Chapter 12 of 16 · 15 min

The EU General Data Protection Regulation applies to local AI deployments if the system processes data of EU residents, regardless of where the deployment is physically located. Compliance requires understanding what data you collect, how you process it, and what rights individuals have.

GDPR applies to AI systems that:

  • Process data of EU residents (employees, customers, website visitors)
  • Offer goods or services to EU residents
  • Monitor behavior of EU residents

Key GDPR requirements for AI:

Lawful basis (Article 6): You need a valid legal basis for processing. For AI processing, common bases are: consent, contract performance, legitimate interest, or legal obligation. Document which basis applies to each processing activity.

Data minimization (Article 5): Collect only data necessary for the purpose. For AI, this means: don't store prompts longer than needed, don't retain conversation logs indefinitely, and don't use personal data in training unless explicitly permitted.

Purpose limitation (Article 5): Use data only for the stated purpose. If you collect customer queries for support, you cannot later use them to fine-tune models without separate consent.

Right to erasure (Article 17): Individuals can request deletion of their data. This means: you must be able to identify and delete their conversation history, retrieved documents containing their data, and any derived data.

Data protection impact assessment (Article 35): Required for high-risk processing. AI systems making automated decisions, processing sensitive data, or profiling individuals likely require a DPIA.

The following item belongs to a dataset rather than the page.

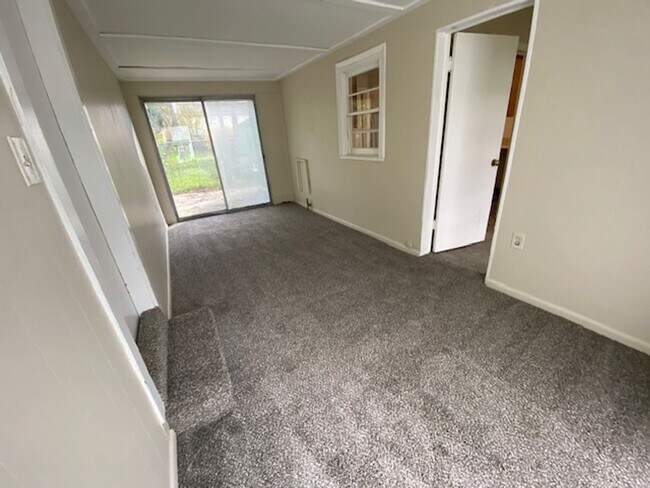 Building Photo - Charming West Akron Ranch with Walk-Through Sunroom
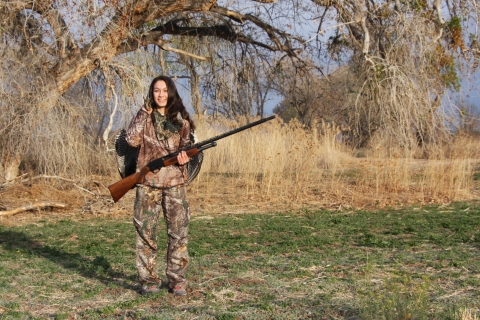 A young woman in camouflage holds a turkey over her shoulder and a gun across the front of her body. She is standing in a wooded area.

Implementing GDPR controls:

# Example: Data retention policy enforcement
from datetime import datetime, timedelta

class ConversationStore:
    def __init__(self, retention_days: int = 90):
        self.retention_days = retention_days
    
    def store(self, user_id: str, prompt: str, response: str):
        # Check for personal data and apply retention
        record = {
            "user_id": user_id,
            "prompt": prompt,
            "response": response,
            "created_at": datetime.utcnow(),
            "personal_data": self.contains_personal_data(prompt)
        }
        self.db.insert("conversations", record)
    
    def delete_user_data(self, user_id: str) -> int:
        """GDPR Article 17: Right to erasure"""
        deleted = self.db.delete(
            "conversations",
            where={"user_id": user_id}
        )
        return deleted
    
    def cleanup_old_records(self):
        """Automated retention enforcement"""
        cutoff = datetime.utcnow() - timedelta(days=self.retention_days)
        self.db.delete(
            "conversations",
            where={"created_at": {"<": cutoff}}
        )
EXERCISE

Map your AI data flows: where does data enter, where is it stored, who can access it, and when is it deleted? Identify any flows that lack clear legal basis or retention policies.